**What you need to do:**
From the first line to the last, copy the material word for word; pictures stay out.

**Collected data:**
........

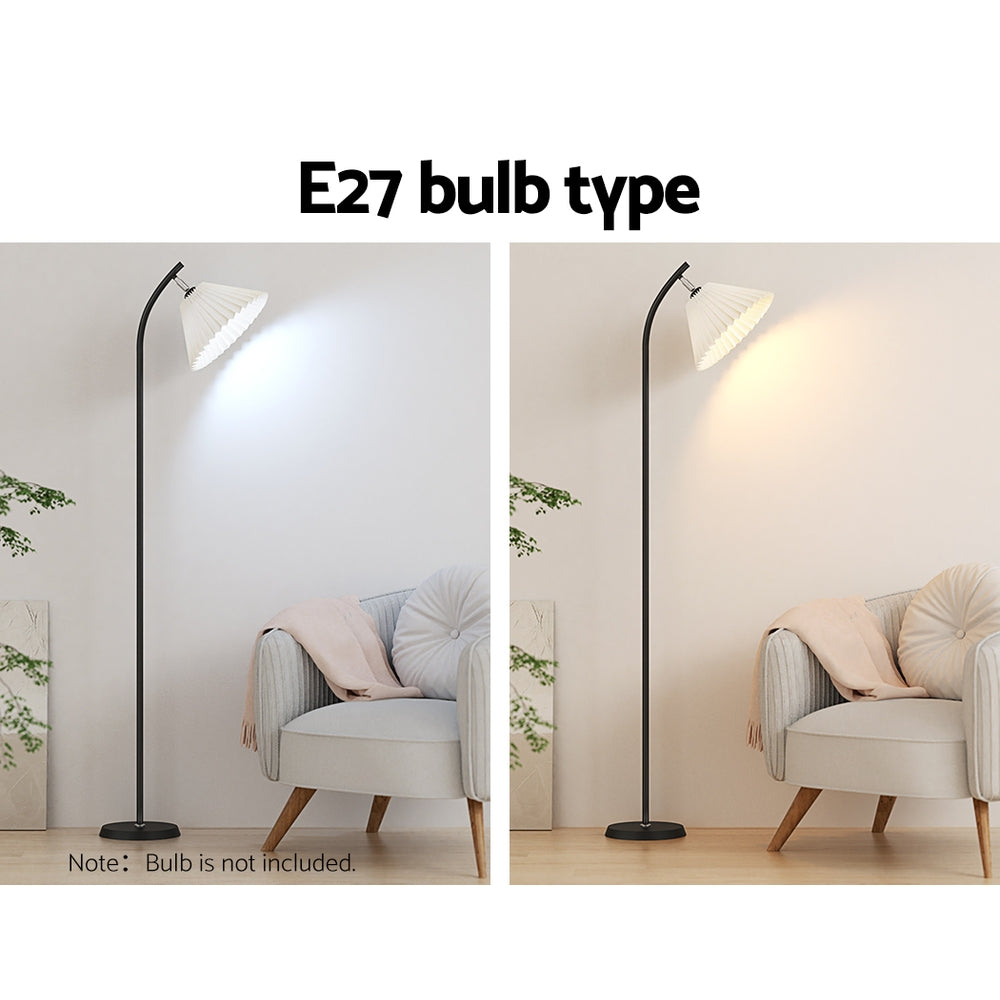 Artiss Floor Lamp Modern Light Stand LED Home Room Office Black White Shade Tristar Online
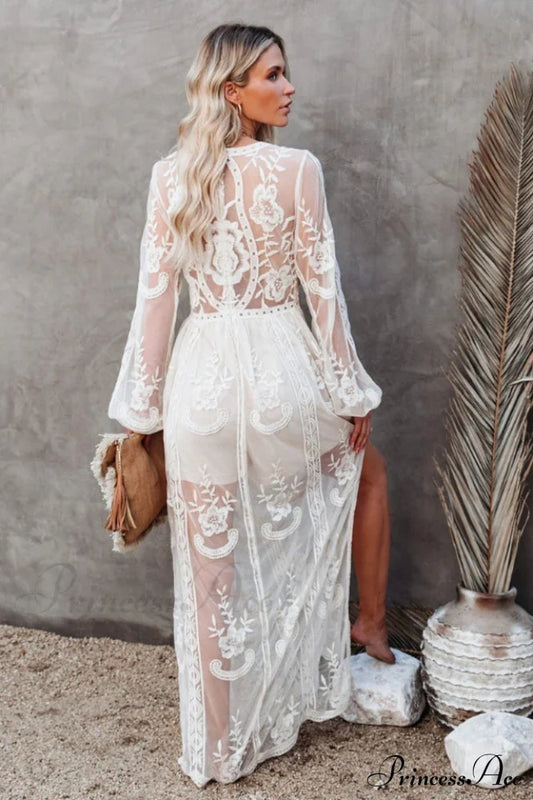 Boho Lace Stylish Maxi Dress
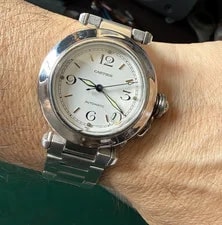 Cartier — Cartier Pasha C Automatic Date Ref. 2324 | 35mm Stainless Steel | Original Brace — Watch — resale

........

**Completed task:**
 Artiss Floor Lamp Modern Light Stand LED Home Room Office Black White Shade Tristar Online
 Boho Lace Stylish Maxi Dress
 Cartier — Cartier Pasha C Automatic Date Ref. 2324 | 35mm Stainless Steel | Original Brace — Watch — resale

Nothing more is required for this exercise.